Famed astrophysicist Neil deGrasse Tyson doesn't think President Donald Trump's proposed Space Force is such a bad idea.
Tyson tells TMZ that some people are only against the Space Force because it was Trump's idea, but "just because it came from Trump, doesn't mean it's crazy." He says creating a separate Space Force would be similar to the Air Force splitting off from the Army and becoming its own branch in the 1940s. "Today, you're not questioning, 'why is there an Air Force,'" he argues.
So what does Tyson think the Space Force would be good for? Asteroid strikes, for one thing. "What happens when the next asteroid comes and it's going to take us out? I'm going to want a Space Force to bat the thing out of harm's way," he says.
Such strikes are a genuine threat, albeit a very unlikely one. And the Observer's Neel Patel makes a decent case that the military would be more suited to plan and carry out the response to an asteroid than a civilian organization like NASA, particularly if the U.S. decided to fire a nuclear missile at the asteroid in the hopes of throwing it off course. The Space Force has also received the support of many officials, including Air Force Chief of Staff David Goldfein and NASA Administrator Jim Bridenstine. But it's not a good idea.
According to The Wall Street Journal, which cited a 2016 study from the Government Accountability Office, there are currently "60 distinct entities that deal with assets in space." In fact, as I noted earlier this month, the U.S. already has a kind of Space Force: the Air Force Space Command, which employs more than 36,000 people. Is there really a need to make the Space Command larger, or to add to the alphabet soup of space agencies?

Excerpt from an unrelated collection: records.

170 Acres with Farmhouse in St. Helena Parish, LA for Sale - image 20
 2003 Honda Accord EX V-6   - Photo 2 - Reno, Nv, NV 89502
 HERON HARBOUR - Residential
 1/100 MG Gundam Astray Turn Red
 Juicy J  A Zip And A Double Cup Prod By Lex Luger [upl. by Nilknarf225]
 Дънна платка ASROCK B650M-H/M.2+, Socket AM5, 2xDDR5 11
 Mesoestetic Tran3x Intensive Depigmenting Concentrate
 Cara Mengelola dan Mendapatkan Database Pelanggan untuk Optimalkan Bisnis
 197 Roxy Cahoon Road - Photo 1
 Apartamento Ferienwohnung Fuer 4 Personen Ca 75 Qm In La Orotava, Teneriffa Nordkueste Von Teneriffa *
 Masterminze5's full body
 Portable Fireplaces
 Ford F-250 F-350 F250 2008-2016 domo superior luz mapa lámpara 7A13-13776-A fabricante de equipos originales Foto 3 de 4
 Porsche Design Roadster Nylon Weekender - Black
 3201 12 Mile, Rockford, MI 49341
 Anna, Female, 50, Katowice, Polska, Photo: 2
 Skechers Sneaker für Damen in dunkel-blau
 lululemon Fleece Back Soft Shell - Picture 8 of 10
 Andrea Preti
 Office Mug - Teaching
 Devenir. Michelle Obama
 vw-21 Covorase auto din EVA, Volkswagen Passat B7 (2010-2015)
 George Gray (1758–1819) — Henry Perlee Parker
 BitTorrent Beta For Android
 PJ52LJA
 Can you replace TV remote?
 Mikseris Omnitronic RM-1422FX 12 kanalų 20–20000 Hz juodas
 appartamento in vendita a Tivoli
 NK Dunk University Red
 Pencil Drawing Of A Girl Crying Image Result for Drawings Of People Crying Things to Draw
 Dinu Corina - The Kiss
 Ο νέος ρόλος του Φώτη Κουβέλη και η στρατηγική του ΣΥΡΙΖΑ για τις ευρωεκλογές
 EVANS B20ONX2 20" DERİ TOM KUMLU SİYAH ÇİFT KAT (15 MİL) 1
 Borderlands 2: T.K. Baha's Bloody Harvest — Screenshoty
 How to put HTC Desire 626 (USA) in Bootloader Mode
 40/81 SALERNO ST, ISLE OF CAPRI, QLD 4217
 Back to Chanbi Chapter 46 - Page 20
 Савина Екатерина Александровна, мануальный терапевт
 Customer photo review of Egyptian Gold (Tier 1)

There's another problem. The U.N. Outer Space Treaty puts some limits on the militarization of space: It bans the use of weapons of mass destruction outside the Earth's atmosphere, and it prohibits the installation of military bases on asteroids or the moon. But as the University of Kent's Gbenga Oduntan writes, the treaty does not preclude member countries from deploying other kinds of weapons in space. If the Space Force triggers an extraterrestrial arms race, we could see "a total disruption of the agreed law that outer space is the common heritage of all humankind."
TMZ, meanwhile, asked Tyson if he would be willing to serve as an adviser on the Space Force. "When the government calls, we all have a duty, if you have a particular expertise that can serve the nation," he responded. "I think you need to serve."